Excluding Auckland, sales rose 18 percent and prices jumped 9 percent to $383,000.
Median prices hit record levels in Waikato/Bay of Plenty, Hawke's Bay and Wellington and Nelson/Marlborough.
The Institute's chief executive Colleen Milne said the figures underlined the surge of activity in regional markets.
"The Canterbury/Westland and Auckland region, which were previously the drivers of the national real estate market, are now playing 'second fiddle' to markets such as Waikato/Bay of Plenty, Hawke's Bay and Central Otago Lakes.

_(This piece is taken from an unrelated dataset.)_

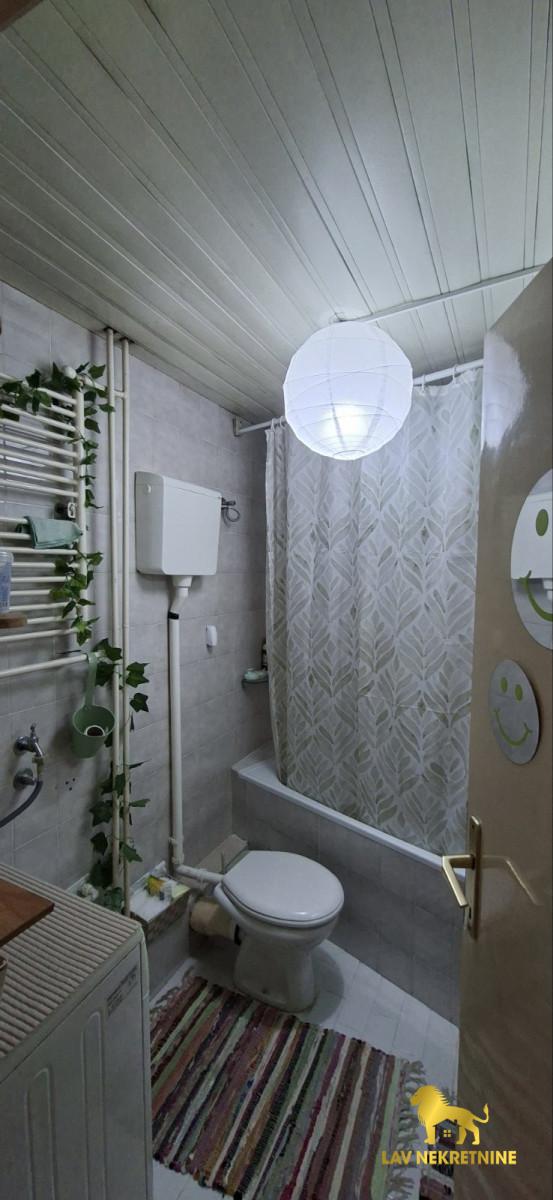 Stan Izdavanje Novi Sad  52 m2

"Other regions such as Wellington, Southland and Manawatu/Wanganui are also showing renewed vigour."
Westpac senior economist Michael Gordon said tougher property rules have had an effect in Auckland, and was stoking demand elsewhere.
"The emerging picture is one of a more subdued, but still positive, trend in the Auckland housing market since the regulations on property investment that came into force last October. Meanwhile, most markets south of Hamilton continue to gather momentum."
Reserve Bank decision to boost demand
Lower interest rates will fuel an already buoyant property market, Ms Milne said.
The Reserve bank decision to cut rates yesterday should boost robust demand.
"Any interest rate deduction does help fuel the ability for purchasers to be able to borrow more or invest more and I imagine that will have a long-term effect on continuing the market and continuing the strong sales that we're seeing."